Token Supply: The One RPC Call We Can't Avoid

Price comes from gRPC for free. But market cap = price × supply, and total supply isn't in the swap transaction. We need one RPC call per new token.

Our approach:

  • First swap detected → queue getTokenSupply() RPC call
  • Rate limited at 20/sec (our RPC plan allows 200/sec)
  • Cache supply in Map + database
  • Poll every 30 minutes for active tokens (burn detection)
  • Burns also caught in real-time via our Token Program gRPC stream

For Pump.fun tokens specifically, supply starts at 1 billion. But devs can burn tokens before bonding, so we still fetch actual supply rather than hardcoding.

In-Memory Map + Database Persistence

Every price update goes to an in-memory JavaScript Map first. API requests read from the Map — instant, no database query.

The Map batch-writes to PostgreSQL every 5 seconds via a single multi-row UPSERT. This means:

  • Real-time reads: instant (Map)
  • Database writes: one query every 5 seconds (efficient)
  • Server restart: load last 7 days from database into Map on startup

The Map holds all tokens traded in the last 7 days. At ~80,000 tokens, that's roughly 25-50MB of RAM including trade windows for VWAP. On a 64GB server, negligible.

Pruning

Most tokens die within hours. Without pruning, the Map and database grow forever.

  • Map: evict tokens with no trades in 7 days (hourly cron)
  • Database: delete tokens with no trades in 90 days (daily pg_cron)
  • If a pruned token trades again, it re-enters automatically on the next swap

What This Unlocked

With self-calculated market caps, every feature gets richer:

  • KOL trade feed: "Cupsey bought at $4.2K MC" instead of just "bought 5 SOL"
  • Deployer alerts: "Elite deployer launched, currently $3K MC"
  • Scout leaderboard: "Scout bought at $2K MC, followers entered at $45K MC"
  • Coordination detection: "3 KOLs piled in at $8K MC"
  • PnL calculations: entry and exit MC from our own data

None of this was possible when we called external APIs for pricing.

Performance

Solana does 300-1,500 DEX swaps per second across our 11 monitored programs.
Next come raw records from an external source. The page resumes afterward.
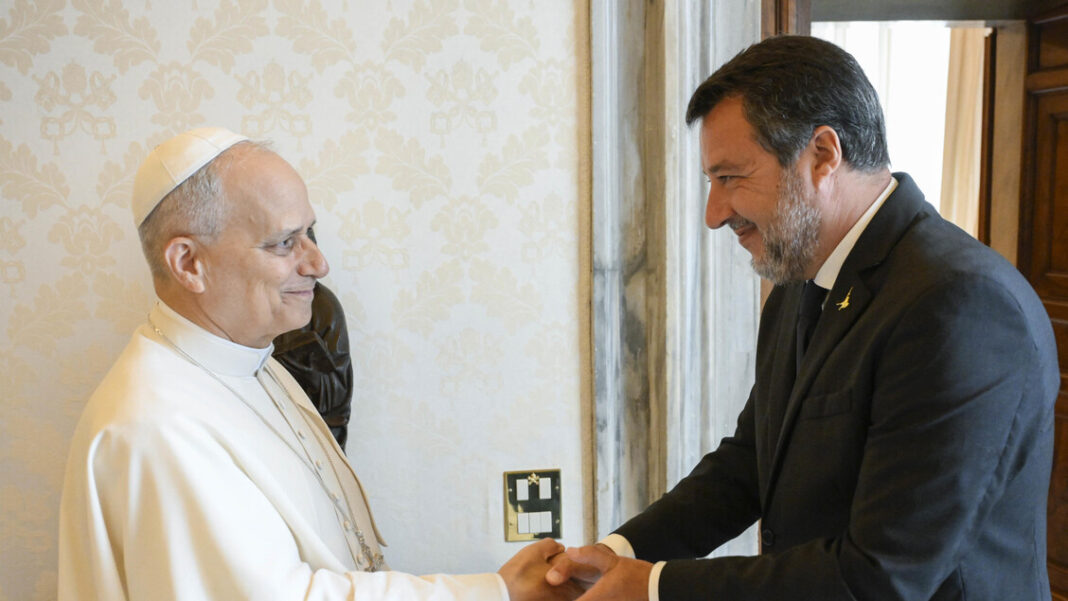 La politica italiana si schiera col Papa, Salvini: ‘Attaccarlo non è utile né intelligente’ – Notizie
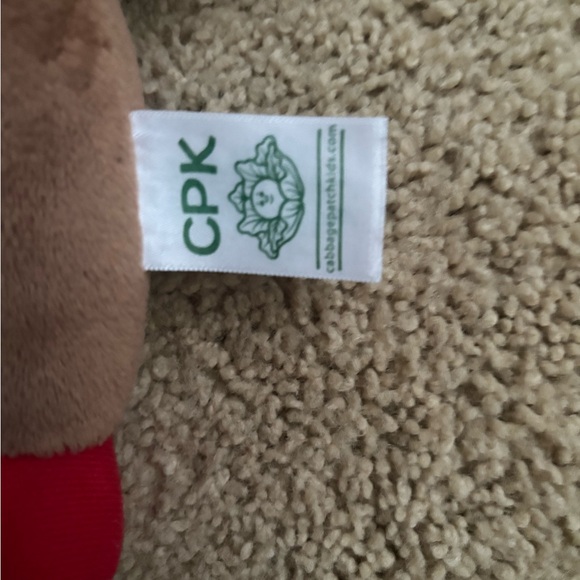 Holiday reindeer cabbage patch kid - Picture 2 of 3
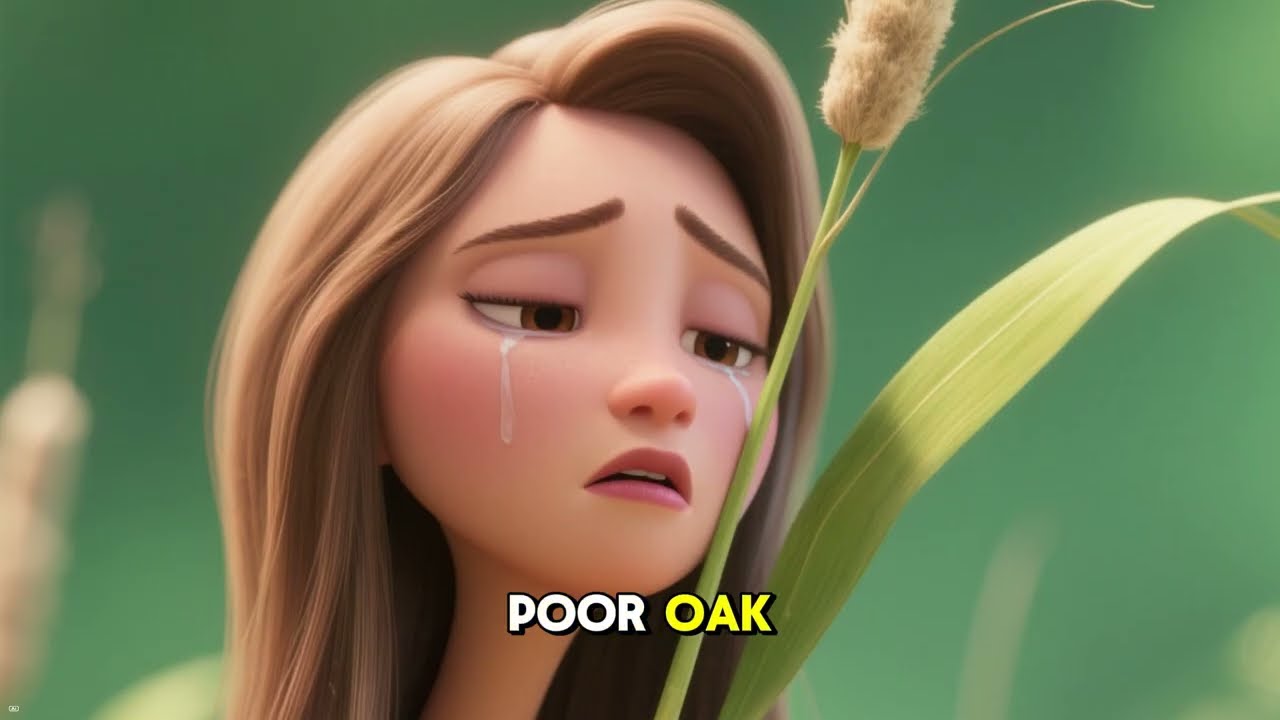 The Oak and the Reeds – Classic Moral Story for Kids | Lessons on Flexibility & Strength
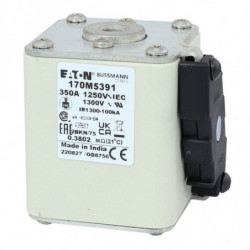 FUSE 350A 1250V 2BKN/75 AR...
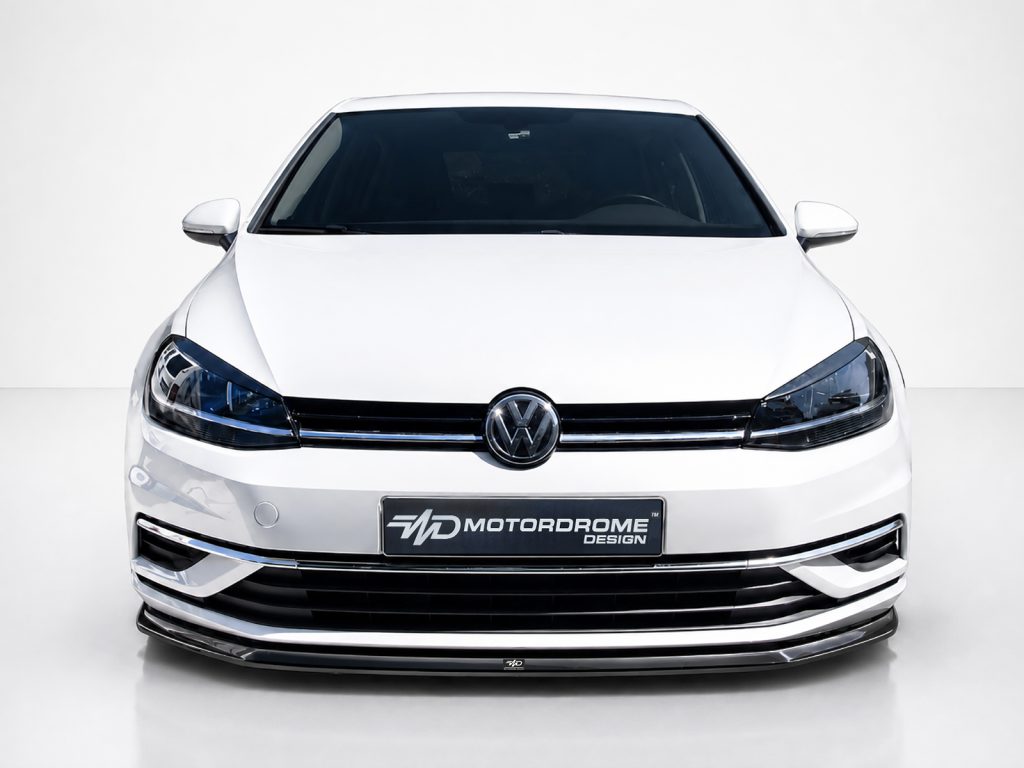 Εικόνα 2 από 4 — Motordrome – Εμπρός Σπλίτερ για Volkswagen Golf Mk7 Facelift (2016-2019) – 1 Τεμ.  (K156-001)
Our price engine handles this comfortably:

  • Map.set() per swap: nanoseconds
  • VWAP calculation: microseconds (sum and division)
  • Database batch write: ~50-100ms every 5 seconds
  • RPC supply fetches: ~45/sec out of 200/sec limit
  • Total RAM for price engine: ~25-50MB

The price engine runs alongside our KOL tracker, deployer scorer, and alpha wallet system on a single dedicated server (Xeon E-2176G, 64GB RAM, NVMe RAID1).

Accuracy

Where we landed after the hybrid approach:

  • Raydium / Orca: ~87% within 1% of Dexscreener (pool-state math)
  • PumpSwap: significantly improved after WSOL fix (balance diffs)
  • Jupiter: accurate (balance diffs capture net multi-hop result)
  • Pump.fun bonding curve: 4-6% deviation (expected — thin liquidity means executed price differs from mid-price)
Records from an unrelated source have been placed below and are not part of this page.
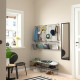 Meble do przedpokoju, zestaw 8 szt., szary GREJIG 596.180.00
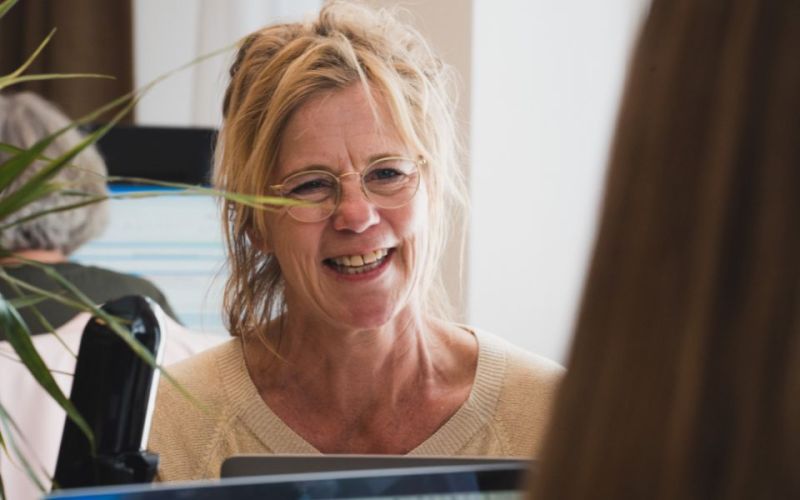 Teammanager Liesbeth List Huis ZGAO Amsterdam-Oost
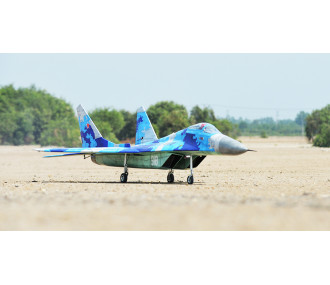 Jet Black Horse Mig-29 1.635 M- FLASH RC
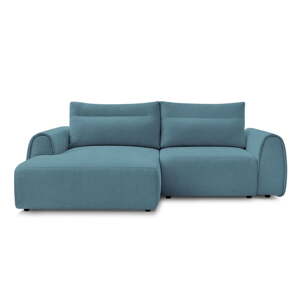 Plava kutna garnitura Aden – Bobochic Paris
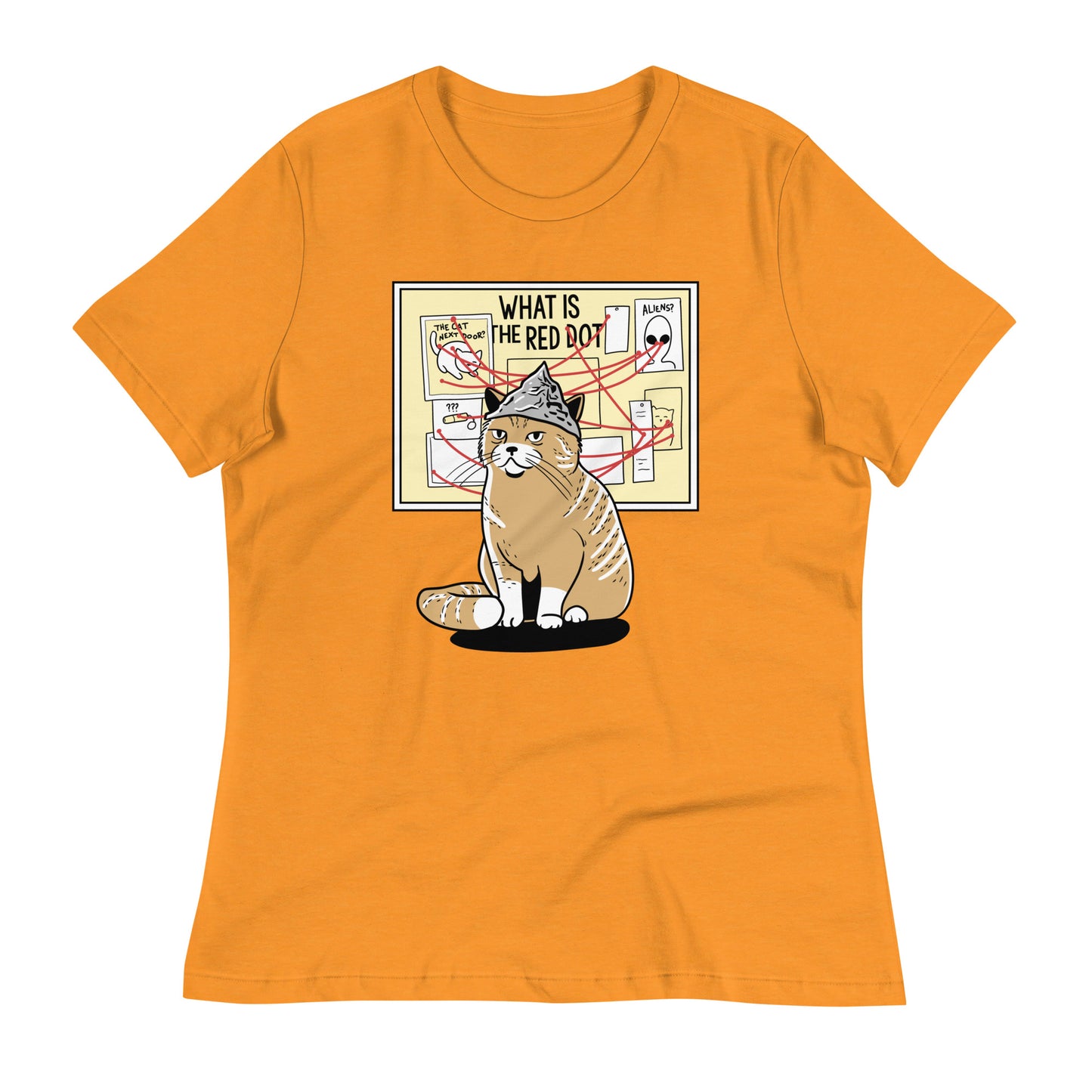 What Is The Red Dot? Women's Signature Tee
Still improving Meteora DAMM and fine-tuning edge cases. But for our use case — showing MC context on KOL trades and deployer alerts — this accuracy is more than sufficient.

Key Lessons

  1. Measure the result, not the instruction. Balance diffs are universal across all DEXes. Instruction parsing is fragile and per-DEX.
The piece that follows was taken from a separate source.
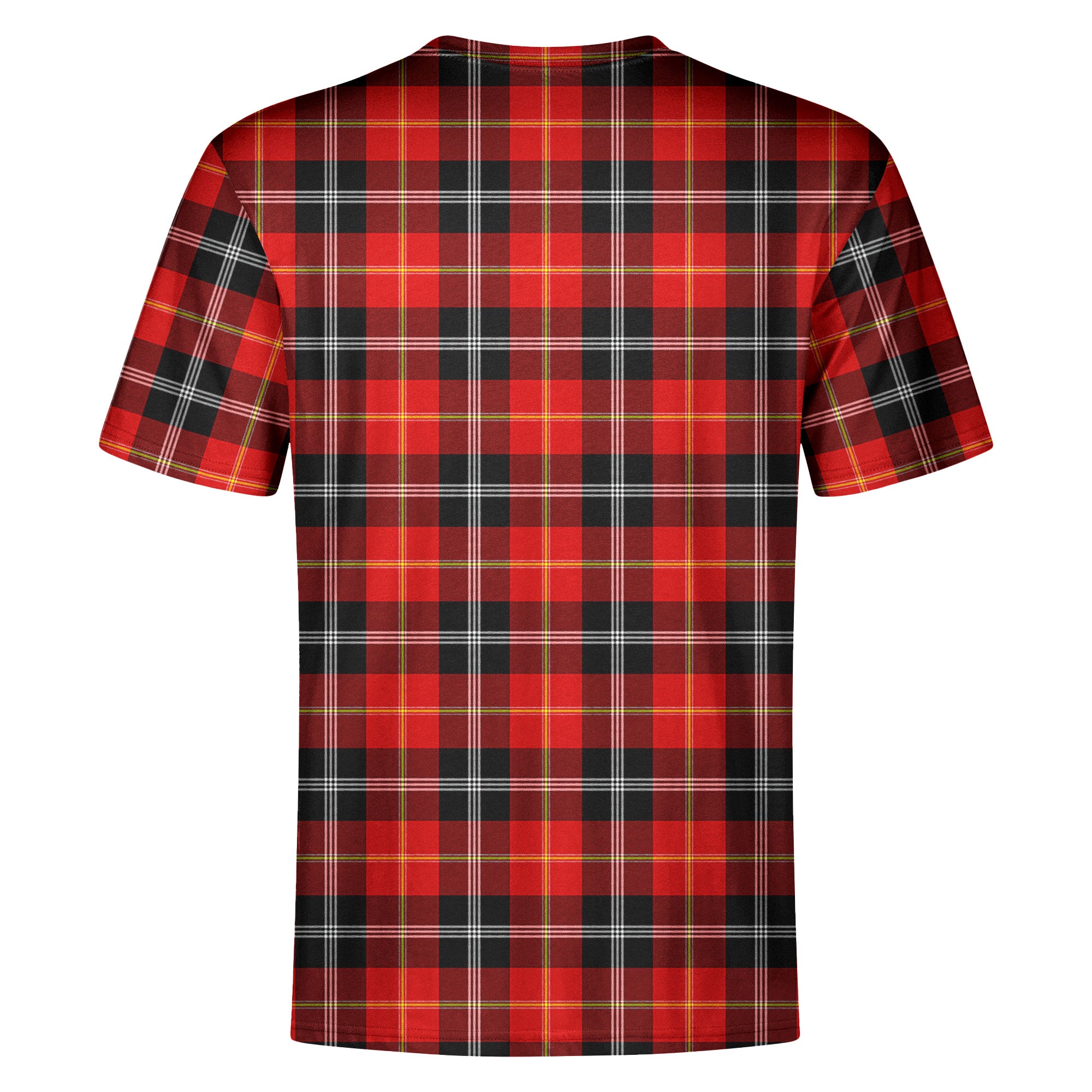 Marjoribanks Tartan Crest T-shirt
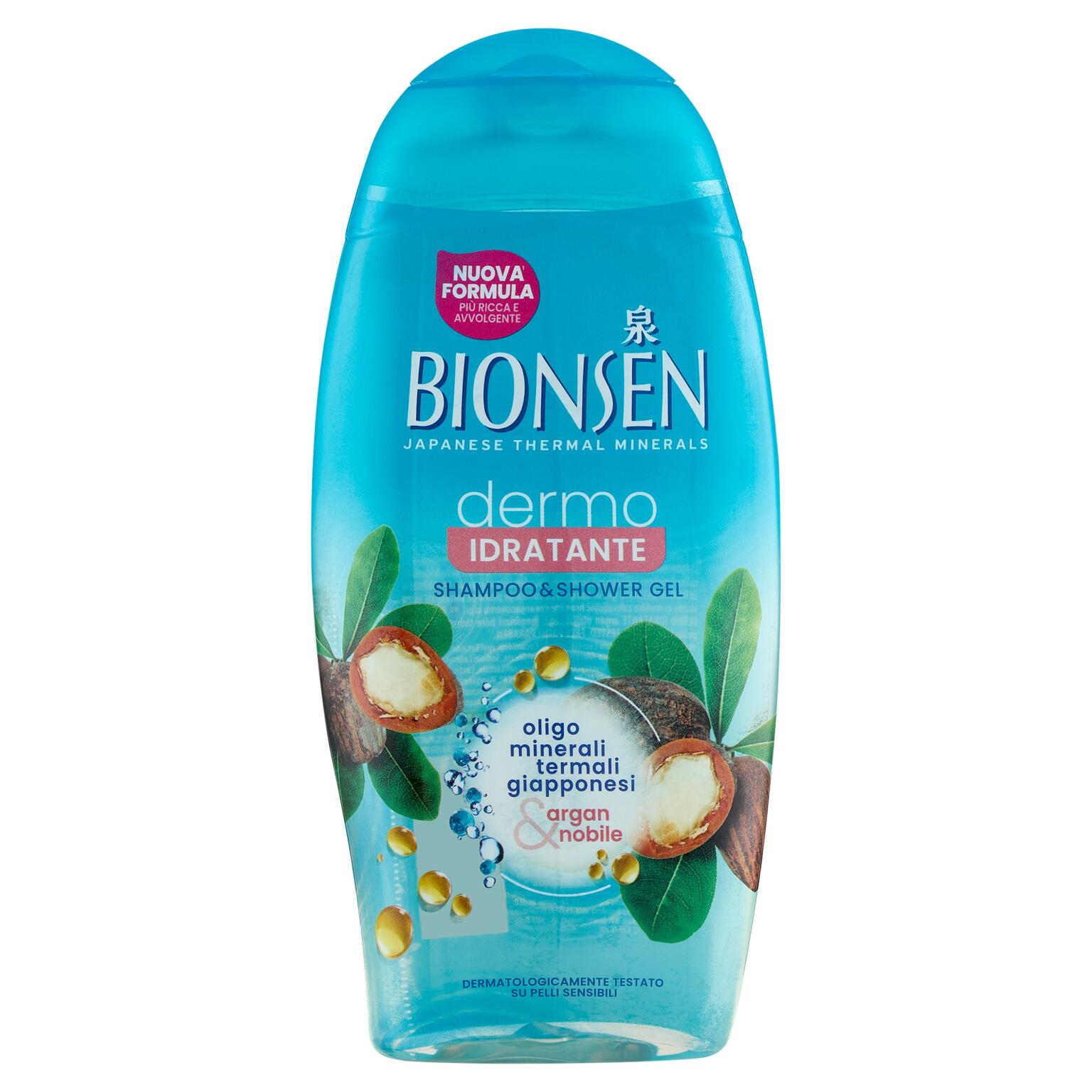 Docciashampoo Bionsen 250ml Dermo Idratante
  2. Hybrid beats pure. Pool-state math is better for some DEXes, executed price for others. Use both.

  3. WSOL vs native SOL will bite you. Every Solana price feed has hit this bug. Check both.

  4. VWAP > last price. One dust trade shouldn't move your market cap. Volume-weight everything.

  5. Outlier rejection prevents embarrassment. A flash trade showing 100x MC on your frontend is worse than showing no MC.

  6. In-memory first, database second. Real-time reads from Map, async batch writes to Postgres. Best of both worlds.

  7. You probably already have the data. If you're processing Solana transactions for any reason, you already have everything needed for pricing. You just need to extract it.


The entire price engine runs on the same server as everything else, adds ~25-50MB of RAM, and uses 22% of our RPC rate limit. No new infrastructure, no external API costs, no rate limit anxiety.

If you're building on Solana and relying on third-party APIs for pricing, consider whether you already have the swap data flowing through your system. You probably do.